A coming 9th grader, spelling comfortably at a 4th grade level...

 

I'd start with book 1; it is for grade 4 and up, and that way you get comfortable with the method of the book while working with easier words. Plus, the vowel patterns / syllable rules are simple and give the student a lot of success.

 

You can do 1 or 2 pages a day (depending on how well your student clicks with the concept for that lesson). Even at 1 page a day, you will easily get through a book in less than a year, so I recommend buying 2 books per year. And yes, you really do need the teacher books, as a number of exercises have the parent dictate a series of syllables to the student, and those lists of syllables (and all answers) are in the teacher book.

 

BTW -- your description of DS's spelling is classic dyslexia; our DS spelled very similarly. As a result, I highly recommend doing some additional types of spelling activities with your DS each day (about 15 min), to do two things:

 

1. strengthen his weak sequential memory and processing

2. use his visual strength -- use visual clues to help him focus on / think about / memorize word spelling and see patterns

 

 

1 - a.) daily: out loud practice

Out loud spelling back and forth of spelling words to strengthen weak sequential memory / processing. Idea from Andrew Pudewa lecture and his Phonetic Zoo -- see Pudewa's 22:30 minutes discussion on Spelling and the Brain (if short on time, the heart of the concept runs from 5:15 thru 15:40 -- right after 15:40 he talks for about 2 minutes about his reading/spelling experiences with his own dyslexic son).

 

You clearly say the word aloud, spell it (syllable by syllable if that helps), and toss the child a bean bag (or other item) ie toy; then the student says the word/spells it correctly, and tosses the beanbag. The beanie toss helps keep him focused and mentally prepared. *Immediately* stop and correct any misspelling by spelling it aloud correctly several times and have the student spell it correctly by looking at it and reading it letter by letter several times. Hearing the letters in correct sequential order really helps cement correct spelling in the mind.

 

1 - b.) 2x/week: dictate sentences

Dictate 5 short sentences, (slowly, one at a time) each with 2-3 spelling words in them for student to practice simultaneous thinking/writing/spelling. Have the student say each word and spell aloud as writing the word for reinforcement of auditory sequencing of the spelling.

 

2 - a.) 3x/week: Work with words on whiteboard

Ideas from Sequential Spelling and Stevenson Blue Spelling Manual. Use different color markers for vowel teams and for consonants, or for endings and root words. Things to practice:

 

- reinforce vowel patterns, syllabication patterns, etc. from Megawords

 

- write out root words and practice adding endings, prefixes, etc.

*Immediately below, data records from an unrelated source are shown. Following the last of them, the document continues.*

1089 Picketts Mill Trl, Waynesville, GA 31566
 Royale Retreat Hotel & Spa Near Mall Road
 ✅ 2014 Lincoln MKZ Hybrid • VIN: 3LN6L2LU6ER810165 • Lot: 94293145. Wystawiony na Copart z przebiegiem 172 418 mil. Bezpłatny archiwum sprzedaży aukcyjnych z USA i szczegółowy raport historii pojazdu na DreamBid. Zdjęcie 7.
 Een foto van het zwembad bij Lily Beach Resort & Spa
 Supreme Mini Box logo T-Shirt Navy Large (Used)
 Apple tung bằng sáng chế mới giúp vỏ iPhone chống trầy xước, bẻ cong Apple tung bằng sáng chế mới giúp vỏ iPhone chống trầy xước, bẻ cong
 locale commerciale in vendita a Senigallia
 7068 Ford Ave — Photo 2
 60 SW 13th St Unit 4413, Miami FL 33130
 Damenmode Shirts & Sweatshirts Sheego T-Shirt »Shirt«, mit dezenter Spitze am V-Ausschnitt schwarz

Tell it and draw it as a story with character pictures (ex.: "hope" -- the vowels at the end of the word like to fight with vowels at the beginning of an ending (like "-ing", or "-ed"), so you have to drop the "-e" at the end of "hope" and then add the endings such as "-er" or "-ing"; adding endings such as "-ful" or "-less", or prefixes such as "-un" are not a problem, because they start with a consonant, and consonants don't fight with the vowel at the end of the word)

 

- work with homophones

See the different spellings, and draw a picture or tell a little story to help the difference stick (ex: "meet" and "meat"; it takes 2 people to "meet" and there are 2 "e"s in "meet"; draw the letter "a" to look like a heart and say "I love to eat "meat" -- and see, the word "eat" is IN the word "meat"; etc.)

 

- show roots/prefixes/endings and "words within words"

. . .end

. . .endless

. . bend

. . bending

.unbend

.unbendable

 

- show "words within words" by adding on:

.at

bat

batter

battery

 

- show Greek or Latin root and prefixes/endings for vocabulary and spelling:

dur = hard; lasting

. .duration

. .durable

endure

endurance

 

 

One last thought: dyslexics are usually very strong visual-spatial learners (VSL), with strong right-brain/long term memory. You might consider trying Dianne Craft's "photographic memory" technique for learning spelling words -- scroll down to the subheading of "3. Spelling" for a description of the technique.

 

BEST of luck in finding what works best for DS! Warmest regards, Lori D.

 

 

ETA -- Just saw the post by OneStepAtATime and I definitely agree about research and remediation if at all possible! She lists some additional great resources. While Megawords is helpful, and is done largely by the student solo, for a student with dyslexia to overcome the spelling hurdle is going to require *additional* work beyond just Megawords -- it will take time and effort from both of you (or, DS with a tutor or specialist).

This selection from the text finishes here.